I came here trying this sed command s/[\x00-\x1F]/ /g;, which gave me the same error message.
in this case it simply suffices to remove the \x00 from the collation, yielding s/[\x01-\x1F]/ /g;
Unfortunately it seems like all characters above and including \x7F and some others are disallowed, as can be seen with this short script:
for (( i=0; i<=255; i++ )); do
printf "== $i - \x$(echo "ibase=10;obase=16;$i" | bc) =="
echo '' | sed -E "s/[\d$i-\d$((i+1))]]//g"
done
Note that the problem is only the use of those characters to specify a range. You can still list them all manually or per script.
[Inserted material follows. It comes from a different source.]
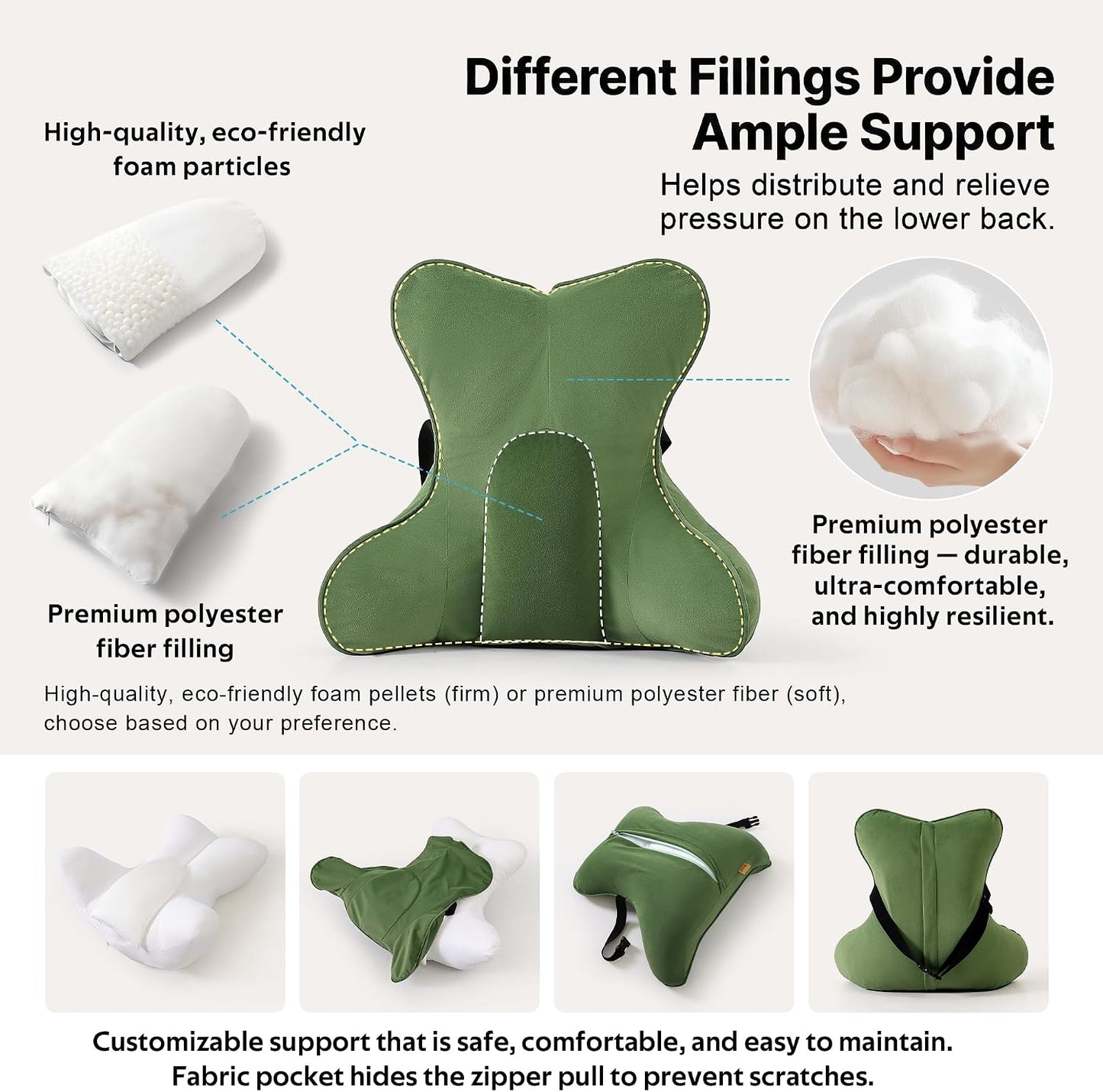 Lumbar Support Pillow(Pat. Pend) – Multi-Functional Ergonomic Back Cushion for Sofa Chair, Car Seat & Sofa, Reading Pillow with Firm Multi-Zone Support to Relieve Lower Back Pain, Misty White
E.g. to come back to your example:
sed -i 's/[\d128-\d255]//' FILENAME
would become
c=; for (( i=128; i<255; i++ )); do c="$c\d$i"; done
sed -i 's/['"$c"']//' FILENAME
which would translate to:
sed -i 's/[\d128\d129\d130\d131\d132\d133\d134\d135\d136\d137\d138\d139\d140\d141\d142\d143\d144\d145\d146\d147\d148\d149\d150\d151\d152\d153\d154\d155\d156\d157\d158\d159\d160\d161\d162\d163\d164\d165\d166\d167\d168\d169\d170\d171\d172\d173\d174\d175\d176\d177\d178\d179\d180\d181\d182\d183\d184\d185\d186\d187\d188\d189\d190\d191\d192\d193\d194\d195\d196\d197\d198\d199\d200\d201\d202\d203\d204\d205\d206\d207\d208\d209\d210\d211\d212\d213\d214\d215\d216\d217\d218\d219\d220\d221\d222\d223\d224\d225\d226\d227\d228\d229\d230\d231\d232\d233\d234\d235\d236\d237\d238\d239\d240\d241\d242\d243\d244\d245\d246\d247\d248\d249\d250\d251\d252\d253\d254\d255]//' FILENAME
In this case there is a way to just skip non-ASCII chars, not bothering with removing.
LANG=C sed /someemailpattern/
See https://bugzilla.redhat.com/show_bug.cgi?id=440419 and Will sed (and others) corrupt non-ASCII files?.
How about using awk for this. We setup the Field Separator to nothing. Then loop over each character. Use an if loop to check if it matches our character class. If it does we print it else we ignore it.
awk -v FS="" '{for(i=1;i<=NF;i++) if($i ~ /[A-Za-z,.# ]/) printf $i}'
Test:
[jaypal:~/Temp] echo "Chip,Dirkland,DrobæSphere Inc,cdirkland#hotmail.com,usa" |
awk -v FS="" '{for(i=1;i<=NF;i++) if($i ~ /[A-Za-z,.# ]/) printf $i}'
Chip,Dirkland,DrobSphere Inc,cdirkland#hotmail.com,usa
Update:
awk -v FS="" '{for(i=1;i<=NF;i++) if($i ~ /[A-Za-z,.# ]/) printf $i; printf "\n"}' < datafile.csv > asciidata.csv
I have added printf "\n" after the loop to keep the lines separate.